> _ACTIVITY_: The expected result is an exact restatement of the data, free of pictures.

> _SUPPLIED INFORMATION_:
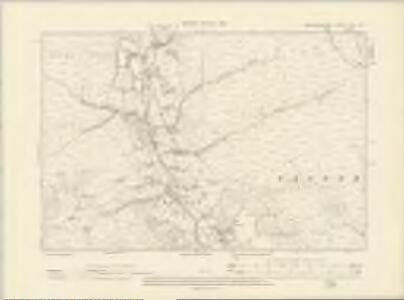 Brecknockshire XLV.NE - OS Six-Inch Map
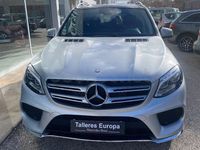 Usado Mercedes GLE350 258 CV (189 kW) 2017 Gris / plata SUV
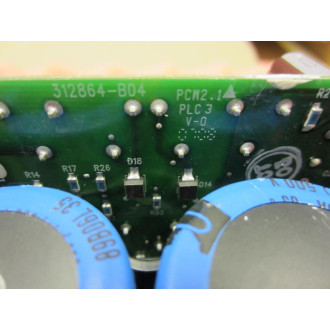 318544-A17 PLC Drive Main Board 312864-B04 02530875 - Used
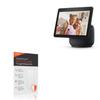 BoxWave Screen Protector Compatible with Amazon Echo Show 10 (3rd Gen 2020) - ClearTouch Anti-Glare ToughShield 9H (2-Pack), Anti-Glare 9H Tough Flexible Film Screen Protector view 1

> _SOLUTION_:
 Brecknockshire XLV.NE - OS Six-Inch Map
 Usado Mercedes GLE350 258 CV (189 kW) 2017 Gris / plata SUV
 318544-A17 PLC Drive Main Board 312864-B04 02530875 - Used
 BoxWave Screen Protector Compatible with Amazon Echo Show 10 (3rd Gen 2020) - ClearTouch Anti-Glare ToughShield 9H (2-Pack), Anti-Glare 9H Tough Flexible Film Screen Protector view 1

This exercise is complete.